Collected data
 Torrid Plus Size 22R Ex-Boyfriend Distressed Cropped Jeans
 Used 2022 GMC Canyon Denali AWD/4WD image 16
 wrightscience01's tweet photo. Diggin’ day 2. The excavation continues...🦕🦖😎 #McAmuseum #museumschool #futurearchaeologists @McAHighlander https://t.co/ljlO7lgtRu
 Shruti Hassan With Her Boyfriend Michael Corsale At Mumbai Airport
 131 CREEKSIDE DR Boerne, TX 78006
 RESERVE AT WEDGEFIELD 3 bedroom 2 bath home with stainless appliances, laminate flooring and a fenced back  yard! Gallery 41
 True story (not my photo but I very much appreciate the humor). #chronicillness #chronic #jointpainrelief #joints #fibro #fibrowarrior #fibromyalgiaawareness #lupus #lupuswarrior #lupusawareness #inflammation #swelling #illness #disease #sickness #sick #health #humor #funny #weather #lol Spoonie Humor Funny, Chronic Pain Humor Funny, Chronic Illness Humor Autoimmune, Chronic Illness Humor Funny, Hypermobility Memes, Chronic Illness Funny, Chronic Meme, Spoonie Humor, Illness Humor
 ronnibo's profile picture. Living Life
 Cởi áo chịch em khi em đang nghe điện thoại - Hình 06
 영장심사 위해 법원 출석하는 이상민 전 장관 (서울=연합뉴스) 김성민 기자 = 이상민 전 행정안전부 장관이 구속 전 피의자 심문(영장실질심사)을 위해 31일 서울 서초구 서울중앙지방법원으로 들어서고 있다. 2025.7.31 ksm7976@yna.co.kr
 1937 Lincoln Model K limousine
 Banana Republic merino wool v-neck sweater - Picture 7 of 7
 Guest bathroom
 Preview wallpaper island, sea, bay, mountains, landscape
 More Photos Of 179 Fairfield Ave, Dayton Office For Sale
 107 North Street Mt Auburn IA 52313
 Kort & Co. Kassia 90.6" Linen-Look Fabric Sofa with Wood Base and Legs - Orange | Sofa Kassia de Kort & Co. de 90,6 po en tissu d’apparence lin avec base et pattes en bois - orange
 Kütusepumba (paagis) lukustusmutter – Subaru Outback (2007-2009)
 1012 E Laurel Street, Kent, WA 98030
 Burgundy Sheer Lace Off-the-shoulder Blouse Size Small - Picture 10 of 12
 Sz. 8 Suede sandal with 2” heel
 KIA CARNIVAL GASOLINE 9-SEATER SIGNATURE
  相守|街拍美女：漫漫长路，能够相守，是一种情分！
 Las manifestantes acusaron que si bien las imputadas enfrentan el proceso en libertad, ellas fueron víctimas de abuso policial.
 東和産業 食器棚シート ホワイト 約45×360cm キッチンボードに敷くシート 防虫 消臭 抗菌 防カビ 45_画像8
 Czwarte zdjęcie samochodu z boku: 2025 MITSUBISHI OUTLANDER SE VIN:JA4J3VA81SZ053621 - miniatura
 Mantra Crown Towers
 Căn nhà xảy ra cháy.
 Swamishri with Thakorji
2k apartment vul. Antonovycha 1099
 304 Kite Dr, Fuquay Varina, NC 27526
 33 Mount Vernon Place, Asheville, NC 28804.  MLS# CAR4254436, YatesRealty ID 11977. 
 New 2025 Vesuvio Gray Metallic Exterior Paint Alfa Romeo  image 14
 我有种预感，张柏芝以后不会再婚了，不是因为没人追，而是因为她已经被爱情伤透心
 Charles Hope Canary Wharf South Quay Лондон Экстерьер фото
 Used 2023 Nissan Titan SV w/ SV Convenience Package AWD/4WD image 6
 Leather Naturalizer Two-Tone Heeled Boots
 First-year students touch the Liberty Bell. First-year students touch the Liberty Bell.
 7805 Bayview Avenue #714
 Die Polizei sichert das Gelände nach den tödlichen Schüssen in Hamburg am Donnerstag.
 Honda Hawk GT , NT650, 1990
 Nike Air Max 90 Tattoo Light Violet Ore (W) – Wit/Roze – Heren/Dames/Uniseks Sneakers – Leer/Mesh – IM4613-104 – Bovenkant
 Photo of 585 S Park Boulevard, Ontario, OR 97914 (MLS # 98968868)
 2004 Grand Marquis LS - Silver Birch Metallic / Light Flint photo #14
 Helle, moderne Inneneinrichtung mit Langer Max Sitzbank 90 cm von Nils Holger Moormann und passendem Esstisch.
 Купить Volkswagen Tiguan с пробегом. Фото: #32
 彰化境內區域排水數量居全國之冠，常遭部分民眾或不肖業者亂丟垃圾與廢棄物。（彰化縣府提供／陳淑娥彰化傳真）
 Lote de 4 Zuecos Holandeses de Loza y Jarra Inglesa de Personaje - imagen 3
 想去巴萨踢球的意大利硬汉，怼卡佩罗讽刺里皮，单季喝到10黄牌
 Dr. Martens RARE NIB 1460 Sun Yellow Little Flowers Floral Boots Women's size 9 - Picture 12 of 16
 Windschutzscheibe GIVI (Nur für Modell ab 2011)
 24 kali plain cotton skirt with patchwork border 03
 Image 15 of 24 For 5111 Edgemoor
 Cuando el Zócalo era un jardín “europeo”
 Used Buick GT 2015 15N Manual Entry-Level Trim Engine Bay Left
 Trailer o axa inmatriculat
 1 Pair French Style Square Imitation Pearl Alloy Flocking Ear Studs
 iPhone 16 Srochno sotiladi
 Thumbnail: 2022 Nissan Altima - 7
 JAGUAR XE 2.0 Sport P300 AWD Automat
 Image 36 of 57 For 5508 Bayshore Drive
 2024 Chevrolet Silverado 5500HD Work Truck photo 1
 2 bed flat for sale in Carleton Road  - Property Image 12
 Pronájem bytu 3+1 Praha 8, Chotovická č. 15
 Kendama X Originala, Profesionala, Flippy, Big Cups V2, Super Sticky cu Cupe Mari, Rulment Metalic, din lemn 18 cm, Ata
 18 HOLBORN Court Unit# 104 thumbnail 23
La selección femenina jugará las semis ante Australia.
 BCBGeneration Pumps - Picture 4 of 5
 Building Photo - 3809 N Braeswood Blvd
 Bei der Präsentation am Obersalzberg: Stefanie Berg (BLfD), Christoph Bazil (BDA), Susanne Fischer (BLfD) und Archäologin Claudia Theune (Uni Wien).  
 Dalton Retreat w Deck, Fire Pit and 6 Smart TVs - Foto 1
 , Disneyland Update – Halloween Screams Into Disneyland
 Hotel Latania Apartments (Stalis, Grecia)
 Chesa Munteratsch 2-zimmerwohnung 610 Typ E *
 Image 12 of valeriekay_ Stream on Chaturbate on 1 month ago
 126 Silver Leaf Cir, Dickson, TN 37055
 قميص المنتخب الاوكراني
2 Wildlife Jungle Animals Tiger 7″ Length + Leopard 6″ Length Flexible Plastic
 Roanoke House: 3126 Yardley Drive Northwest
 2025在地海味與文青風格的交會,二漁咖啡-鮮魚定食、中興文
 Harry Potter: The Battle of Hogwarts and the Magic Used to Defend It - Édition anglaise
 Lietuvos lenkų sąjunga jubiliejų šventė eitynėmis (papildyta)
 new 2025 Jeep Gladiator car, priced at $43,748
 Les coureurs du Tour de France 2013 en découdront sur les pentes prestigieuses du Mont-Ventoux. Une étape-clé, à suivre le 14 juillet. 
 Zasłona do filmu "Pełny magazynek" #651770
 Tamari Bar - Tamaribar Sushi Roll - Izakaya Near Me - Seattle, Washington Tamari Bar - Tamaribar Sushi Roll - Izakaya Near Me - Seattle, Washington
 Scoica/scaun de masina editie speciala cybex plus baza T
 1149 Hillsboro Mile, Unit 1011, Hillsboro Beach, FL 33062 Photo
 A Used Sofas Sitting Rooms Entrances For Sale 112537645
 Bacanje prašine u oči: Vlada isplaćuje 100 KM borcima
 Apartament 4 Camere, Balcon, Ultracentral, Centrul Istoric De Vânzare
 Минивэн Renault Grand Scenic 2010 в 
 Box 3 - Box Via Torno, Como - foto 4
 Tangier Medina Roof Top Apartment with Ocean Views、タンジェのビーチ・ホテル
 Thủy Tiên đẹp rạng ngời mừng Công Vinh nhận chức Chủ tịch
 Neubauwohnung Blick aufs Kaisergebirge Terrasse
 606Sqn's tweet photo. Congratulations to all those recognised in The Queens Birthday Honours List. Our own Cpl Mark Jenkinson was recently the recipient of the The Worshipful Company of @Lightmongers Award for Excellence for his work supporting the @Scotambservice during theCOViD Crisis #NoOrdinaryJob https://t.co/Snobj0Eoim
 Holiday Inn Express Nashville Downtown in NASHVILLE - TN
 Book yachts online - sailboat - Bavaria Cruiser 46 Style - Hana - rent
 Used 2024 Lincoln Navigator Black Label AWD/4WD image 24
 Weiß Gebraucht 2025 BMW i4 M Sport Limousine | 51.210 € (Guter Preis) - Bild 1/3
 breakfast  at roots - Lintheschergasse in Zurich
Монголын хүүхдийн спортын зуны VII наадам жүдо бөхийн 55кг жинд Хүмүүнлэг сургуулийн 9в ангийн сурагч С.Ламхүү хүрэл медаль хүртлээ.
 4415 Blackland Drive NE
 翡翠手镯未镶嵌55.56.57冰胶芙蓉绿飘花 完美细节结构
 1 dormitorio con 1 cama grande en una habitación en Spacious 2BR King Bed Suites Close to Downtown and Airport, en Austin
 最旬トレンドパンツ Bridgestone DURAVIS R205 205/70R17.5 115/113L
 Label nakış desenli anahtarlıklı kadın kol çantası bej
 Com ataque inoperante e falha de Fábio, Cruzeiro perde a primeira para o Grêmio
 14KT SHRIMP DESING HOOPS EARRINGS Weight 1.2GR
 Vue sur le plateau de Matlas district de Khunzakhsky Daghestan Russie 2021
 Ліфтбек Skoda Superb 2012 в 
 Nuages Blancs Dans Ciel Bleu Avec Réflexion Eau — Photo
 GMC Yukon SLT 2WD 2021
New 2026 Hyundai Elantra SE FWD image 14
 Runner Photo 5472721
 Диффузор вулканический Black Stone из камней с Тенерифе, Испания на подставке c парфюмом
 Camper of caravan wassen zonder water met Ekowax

## GOAL OF THE EXERCISE
The lines holding the word "Boyfriend" are the answer. Find them in the entries and copy them.

## EXERCISE SOLUTION
 Torrid Plus Size 22R Ex-Boyfriend Distressed Cropped Jeans
 Shruti Hassan With Her Boyfriend Michael Corsale At Mumbai Airport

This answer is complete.